The average herbage on offer during each period was affected by the grazing intensity (Tables 3, 4) with a general increase of available herbage from grazing intensity M, over L to VL, but also a visual decline in the available herbage from 2017 until 2020 (Table 4). The values for each measured date are provided in the supplements (Supplementary Figure 1). The herbage allowance was affected by the grazing intensity in all periods (Table 3) and generally increased in the order M < L < VL (Table 4).

There were only significant effects of the grazing intensity on the SD herbage mass in spring of 2019 and 2020 (Table 3) with a clearly lower variability within grazing intensity treatment M compared with L and VL in that period (Table 4). A general trend for increases in SD herbage mass in the rank order M < L ≤ VL, however, became clear for all periods.

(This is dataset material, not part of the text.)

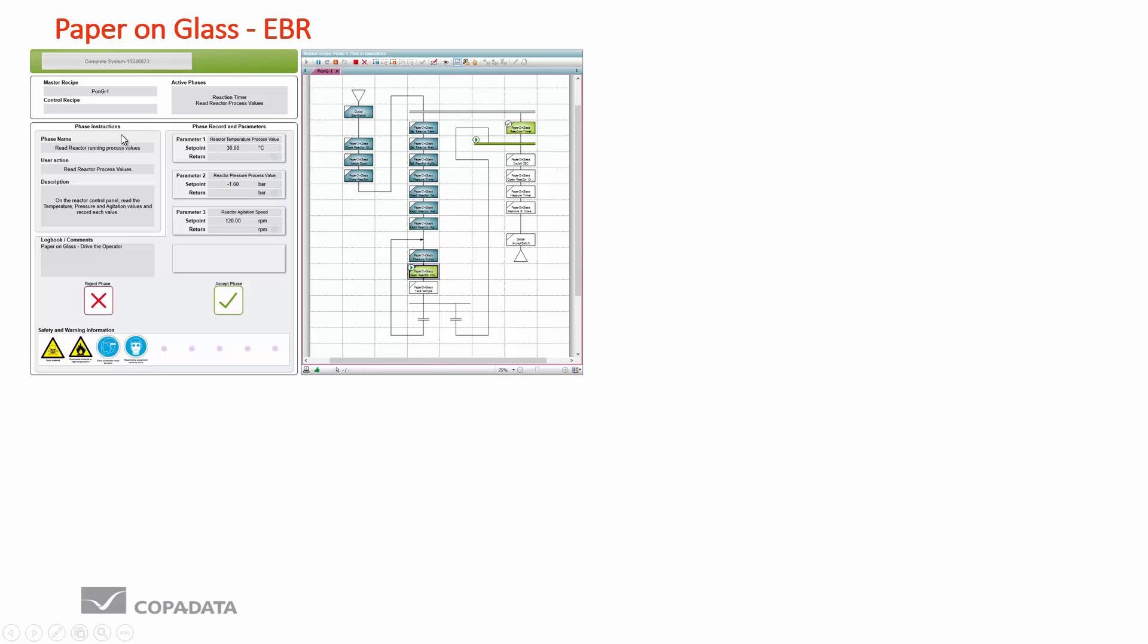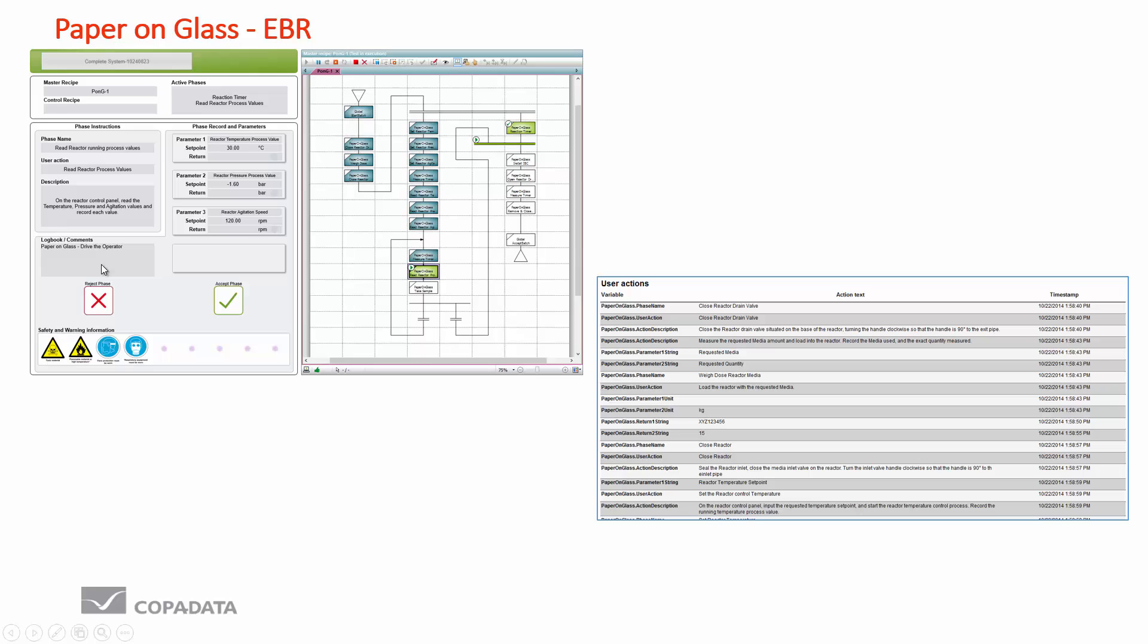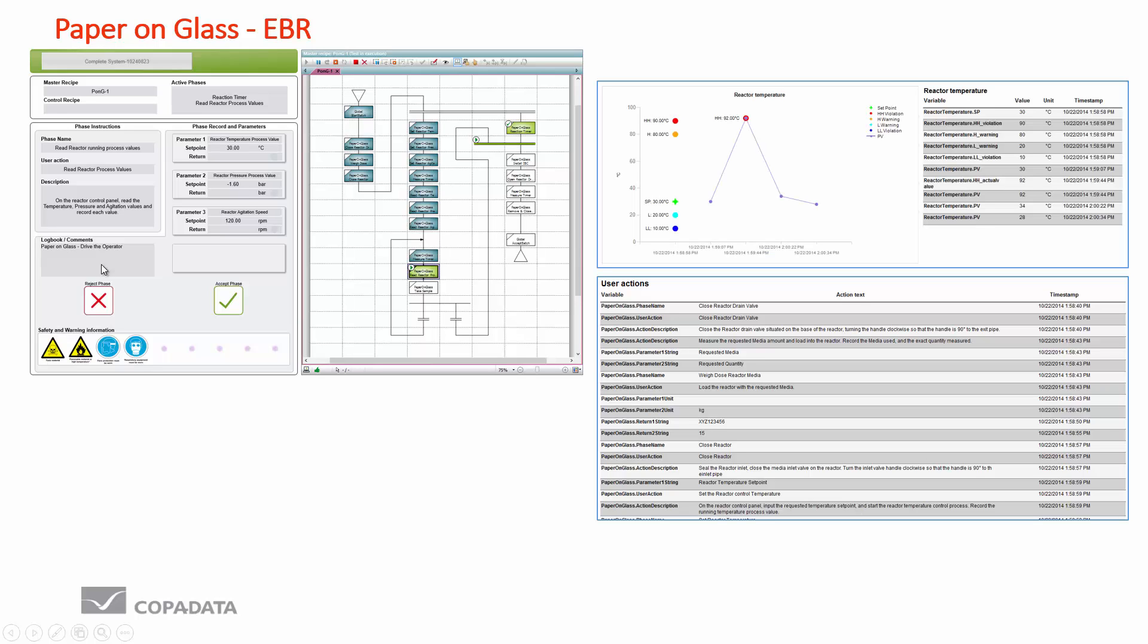On the left hand side we can see that phase by phase, task by task, the operator gets a very clear instruction of what is needed to be carried out. At the bottom we get certain hazard information and safety equipment advice. In the middle section we have a recording area where the critical quality attribute values can be recorded for each individual phase. Without these values being populated we are not allowed to continue the batch, or we can reject the phase if we have a certain comment. Incidentally the comment can be added to at any point in time, therefore we have an electronic logbook in the system as well.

Spatial Distribution in Relation to Grazing Intensity and Period

The Camargo Index was determined for the “active time,” identified as the hours of peak activity according to Figure 1, and for the remaining time (other time) within each period. The Camargo index for the active time was affected by the grazing intensity only in 2017 and 2019 autumn (Table 3), and declined from M to L and VL, indicating a more even distribution within the paddock in grazing intensity M during these periods (Figure 3). This was also confirmed for the Camargo index of the other time periods (Figure 4) which were affected by the grazing intensity in all periods except of spring 2019 (Table 3).

FIGURE 3

Figure 3. Estimated means (±SE) of the Camargo Index during active time as influenced by the grazing period and grazing intensity. M, moderate; L, lenient; VL, very lenient stocking rate. Identical lowercase letters indicate that means are not different at p < 0.05.

FIGURE 4

Figure 4. Estimated means (±SE) of the Camargo Index during other time as influenced by the grazing period and grazing intensity. M, moderate; L, lenient; VL, very lenient stocking rate. Identical Lowercase letters indicate that means are not different at p < 0.05 within periods.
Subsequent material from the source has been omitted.